A court has jurisdiction to pass interim orders even before arbitral proceedings commence and before an arbitrator is appointed.
Setting aside an awardAn application for setting aside an arbitral award may be made before the court, by a party within three months of receipt of the award by him. The court may set aside an award on the following grounds:
- a party was under some incapacity;
- the arbitration agreement is not valid under the law;
- the party making the application was not given proper notice of the appointment of an arbitrator or of the arbitral proceedings or was otherwise unable to present his case;
- the award deals with a dispute not contemplated by or beyond the scope of the submission to arbitration;
- the composition of the arbitral tribunal or the arbitral proceedings was not in accordance with the agreement or with the law;
- the subject-matter of the dispute is not capable of settlement by arbitration under the law; or
- the arbitral award is in conflict with the public policy of India.

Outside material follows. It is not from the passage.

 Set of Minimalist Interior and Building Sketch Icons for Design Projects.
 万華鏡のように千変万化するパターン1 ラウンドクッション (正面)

AppealAn appeal shall lie before the court, against the following orders-
- granting or refusing to grant any interim measure
- setting aside or refusing to set aside an arbitral award and
- granting or refusing to grant an interim measure of protection.
Enforcement of foreign awards
FOREIGN AWARD- has been defined to mean an award on differences between persons arising out of legal relationships, whether contractual or not and considered as commercial under the law in force in India, and made in pursuance of an agreement in writing for arbitration to be governed either by the New York Convention or by the Geneva Convention, in the territory of a notified foreign state.
- Where a commercial dispute covered by an arbitration agreement to which either of the conventions applies, arises before a
- judicial authority in India, it shall at the request of a party be referred to arbitration.
- Any foreign award, which is enforceable under this part, shall be binding and may be relied upon by the parties by way of defence, set off or otherwise in any legal proceedings in India.
- The party applying for the enforcement of a foreign award shall, produce the original award or a duly authenticated copy thereof, the original arbitration agreement or a certified copy thereof, and evidence to prove that the award is a foreign award.
- An appeal shall lie against the order of court refusing to refer the parties to arbitration or refusing to enforce a foreign award.
No second appeal shall lie against the appellate order of the court, except, however, that an appeal may be made to the Supreme Court.